Adolescent health and development | Fig

A person’s health and lifestyle during their teenage years can be just as important as their childhood in helping them grow, develop, and reach adulthood without major problems.

However, the conditions and expectations that adolescents are exposed to around the world can vary widely, affecting their chances of healthy, and sometimes safe, development during adolescence.

Their attitude towards sex and their cultural expectations are just two of the factors that can contribute to the potential risks to the health and development of adolescents around the world.

Teen pregnancy puts millions at risk

In some parts of the world, teenage girls have access to free contraception and in-depth sex education. However, not all young women enjoy this level of awareness and choice, with teenage marriages and rape occurring on a large scale in some parts of the world. There can be huge risks associated with underdeveloped women bearing and giving birth to their own children.

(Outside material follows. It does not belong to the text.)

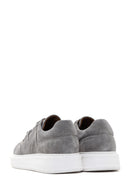 Men's Gray Thick Sole Lace Up Suede Leather Sneaker | Derimod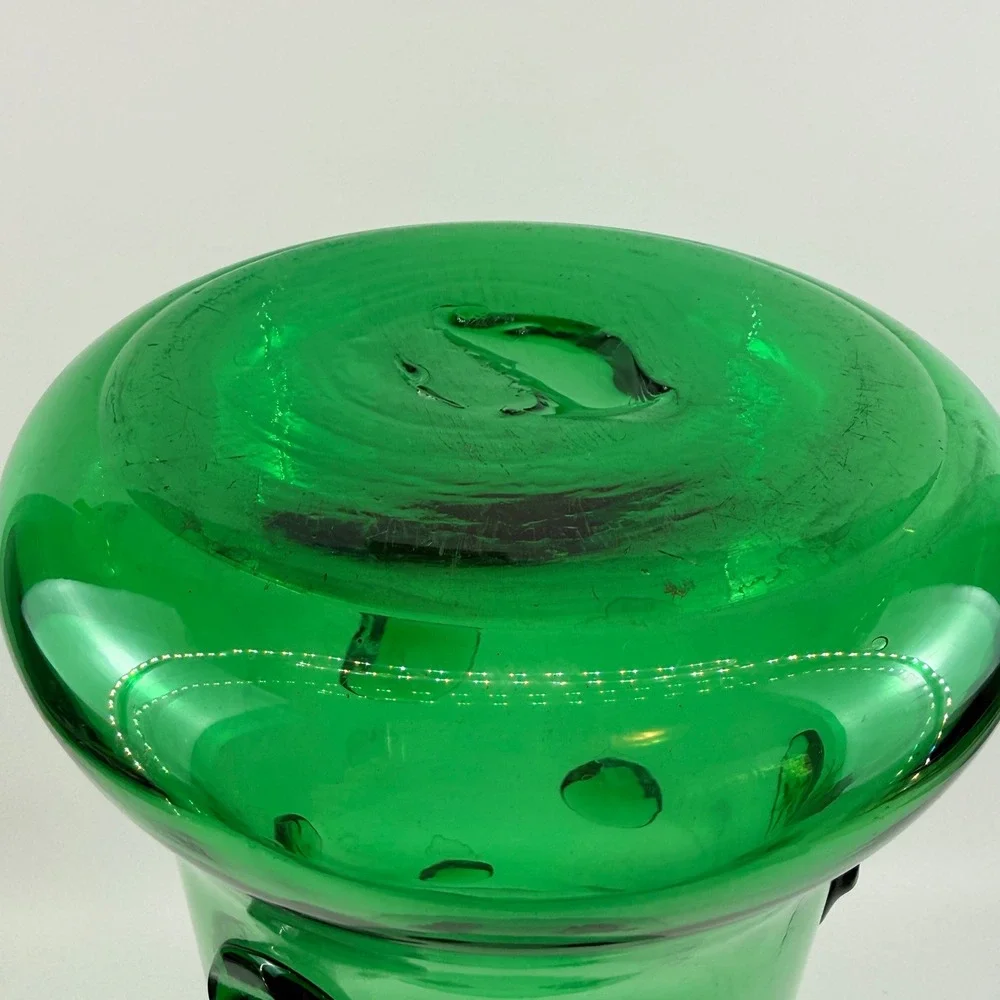 Mid Century Green Glass Large Prunt Blob Floor Vase 18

Statistics from the World Health Organization (WHO) show that 16 million girls between the ages of 15 and 19 give birth each year in low-income countries. There are reports of girls as young as ten giving birth, and mothers this age are much more likely to suffer from eclampsia, puerperal endometritis, and infections than mothers in their twenties. Another 3.9 million girls in this age group undergo unsafe abortions every year worldwide, putting their health at serious risk.

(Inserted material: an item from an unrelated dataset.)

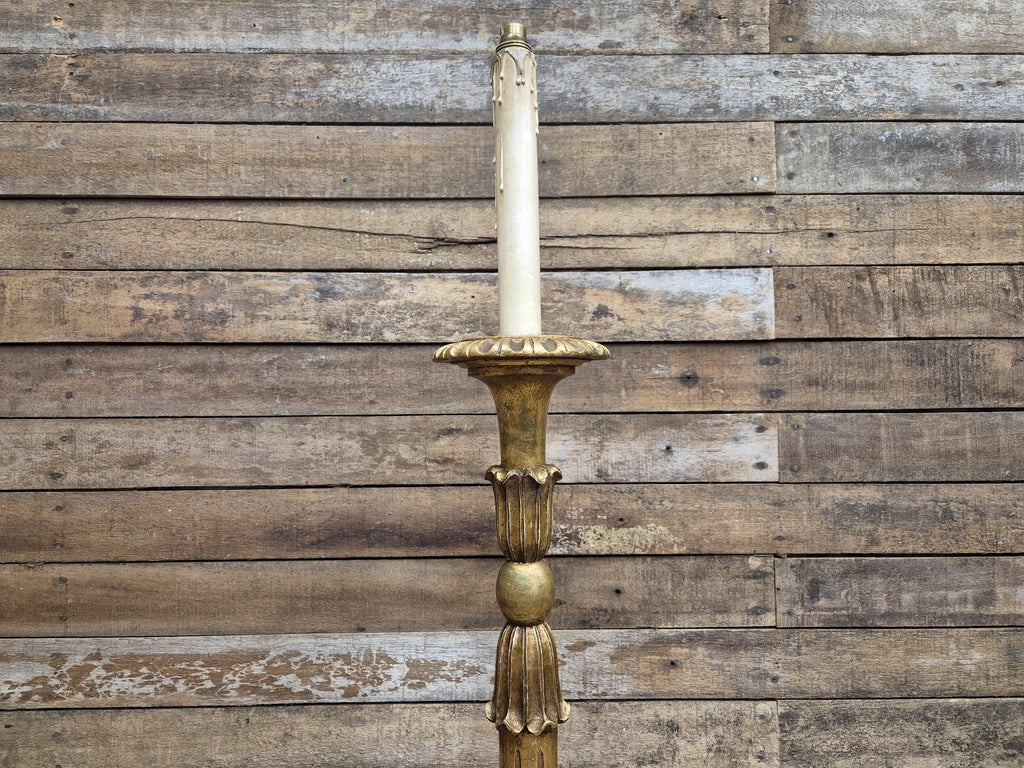 Antique Style Ornate Gold Gilt Wood Floor Lamp Candlestick Lamp Boho lighting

WHO figures also show that complications during pregnancy and childbirth are currently the leading cause of death among women aged 15-19 worldwide. This is therefore a critical age group to consider in achieving SDG 3.1, which aims to reduce the maternal mortality rate to less than 70 per 100,000 live births.

Teenage marriage contributes to health problems

Around 90% of teenage pregnancies occur within marriage, showing just how widespread teenage marriage is in some parts of the world. Sexual intercourse itself can cause internal and external physical harm, while girls’ underdeveloped bodies cannot necessarily carry infants to term.

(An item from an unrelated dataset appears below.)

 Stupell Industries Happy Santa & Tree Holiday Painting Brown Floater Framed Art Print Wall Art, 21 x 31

These figures come from Girls Not Brides, with data also showing that stillbirth or death in the first weeks of a child’s life is 50% more likely for mothers under 20, which can affect a daughter for the rest of her life, both mentally and physically.

A total of 15 million girls worldwide are married before the age of 18 and they are more likely to contract HIV due to their limited power to negotiate safer sex. One in seven new cases of infection is among those under the age of 18, with 5,000 girls diagnosed with the disease every day.

Changes in the expectations, treatment and sexual education of young women are therefore necessary to preserve their health at this vulnerable age. This is an enormous task that will take years of hard work to implement change, but it is necessary to ensure the health of future generations of women and children around the world.